Support the Forming stage by allowing time for team bonding, acknowledging that this process takes longer for virtual teams, and providing direction and purpose to your team. Find creative ways to connect, using messaging apps, virtual water coolers, mentors, and team celebrations.

Stage 2: Storming

During the Storming stage, we’ve already developed articulated roles and responsibilities. Team members have agendas and are working out boundaries and team mission. Because trust isn’t fully established, there are still some problems with problem solving.

Leaders need to be aware that at this stage, sub-groups can develop in your team. The team may be distracted by relationships and emotional issues (even more so today). Furthermore, your team members may be performing at different levels.

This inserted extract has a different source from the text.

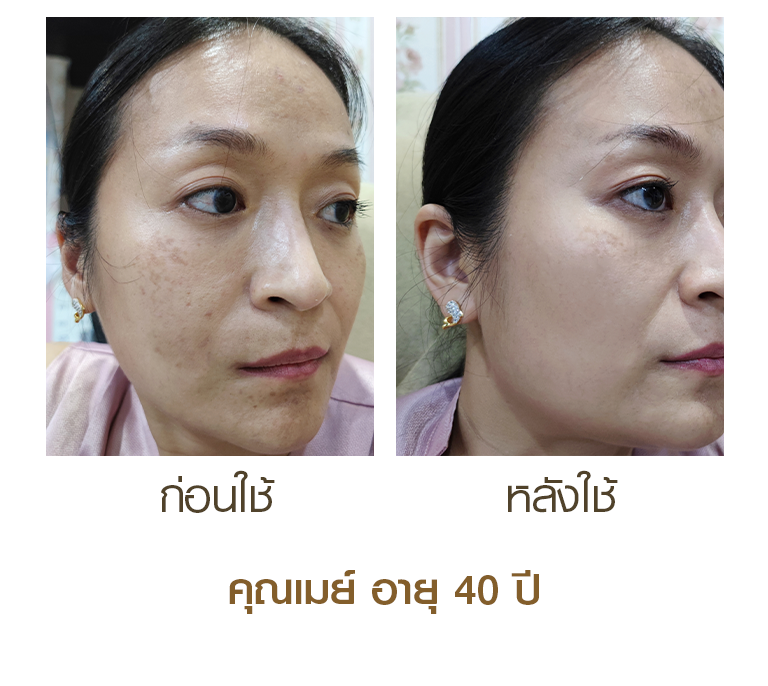 Goldila-CN211203-18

Guide your team through the Storming stage by

  • increasing skill-building opportunities for your team,
  • requesting and accepting feedback,
  • defining rules of engagement, and
  • establishing a supportive work environment.
Stage 3: Norming

In the Norming stage, we start to see consensus forming. There’s agreement on the team, and responsibilities are clear and accepted. People are making decisions by consensus and delegating because there’s commitment and unity.

As leaders, we shift from commanding our team to facilitating and enabling our team’s success. A habitual, short team morning session should occur where any challenges or roadblocks are discussed (like a standup session in agile development). Encourage Norming by putting things in writing. Talk about the norms so that everyone knows what they’re doing and how things work on this team. Remember: norms are not obvious unless they are documented and agreed upon.

Stage 4: Performing

When teams reach the Performing stage, they have a high degree of autonomy. Yes, disagreements will occur, but they are resolved with trust and positivity. Team members look out for, and after, each other.

In this stage, leaders now delegate tasks and work on encouraging the professional development of our direct reports. We also fend off distractions or disruptions from outside the team, including organizational politics. With virtual teams, we need to remember that it’s easy to slip out of this stage and revert to earlier modes of operating. We can take things out of context or struggle with communication. With awareness and constant work, we can maintain the Performing stage on our global virtual teams.

In the ongoing evolution of global hybrid work it’s imperative for organizations to adopt effective hybrid learning strategies from the outset. The hybrid work model is the cornerstone of the post-pandemic workplace, offering a blend of in-person and remote work that can enhance productivity, collaboration, and overall employee satisfaction.


Our research shows that there is a clear path forward to address the many challenges of hybrid work and to enhance organizational hybrid culture with collaboration. The path forward involves instructional experiences that bridge the gap between remote and in-office team members. If hybrid training is designed from the outset and delivered effectively, the outcomes for team members are as good as or better than any well-designed training delivery.